Assigned task: Omit the pictures while printing every entry below exactly as given.

· · ·

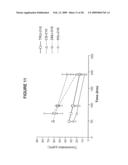 Materials and methods for improved immunoglycoproteins diagram and image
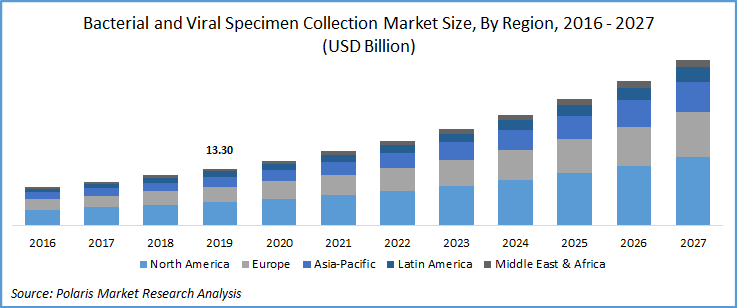 Bacterial and Viral Specimen Collection Market Size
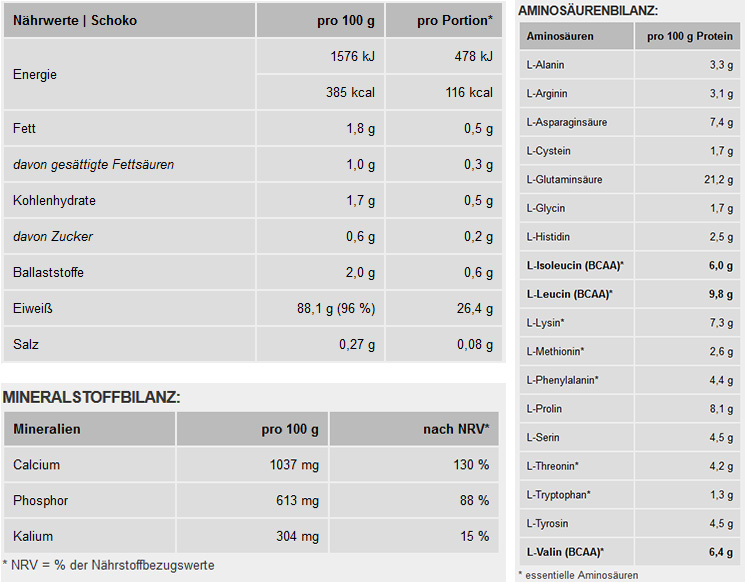 Protein 96 Nährwerte Inhaltsstoffe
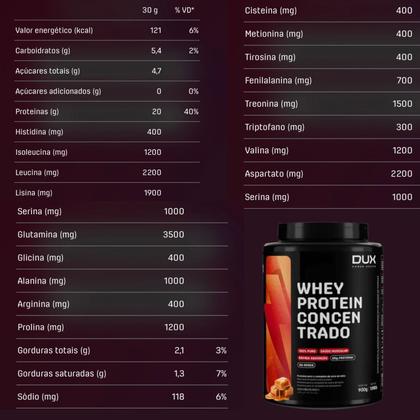 Imagem de Whey Protein Concentrado Dux Human Health Caramelo Salgado  900g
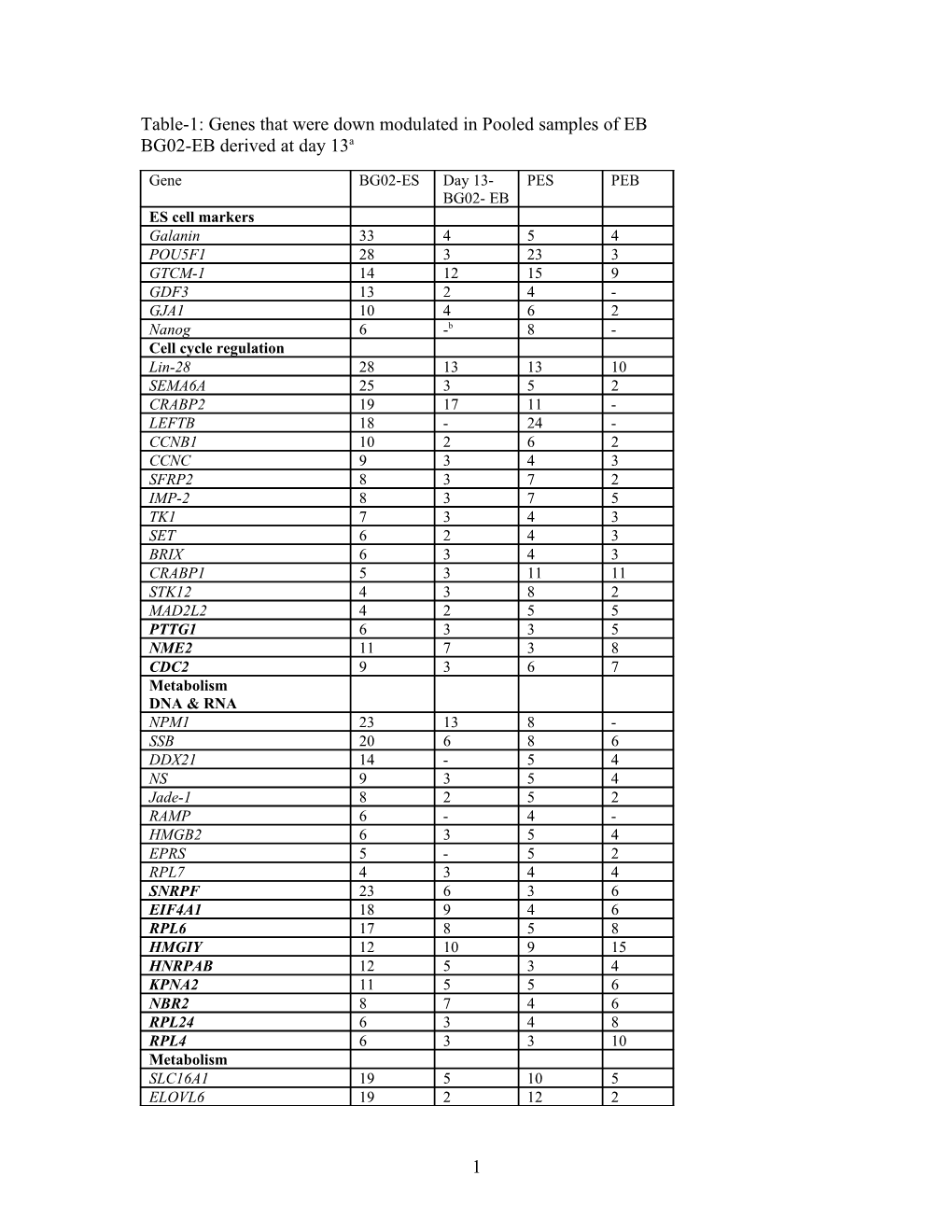 Table-1: Genes That Were Down Modulated in Pooled Samples of EB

· · ·

Exercise output:
 Materials and methods for improved immunoglycoproteins diagram and image
 Bacterial and Viral Specimen Collection Market Size
 Protein 96 Nährwerte Inhaltsstoffe
 Imagem de Whey Protein Concentrado Dux Human Health Caramelo Salgado  900g
 Table-1: Genes That Were Down Modulated in Pooled Samples of EB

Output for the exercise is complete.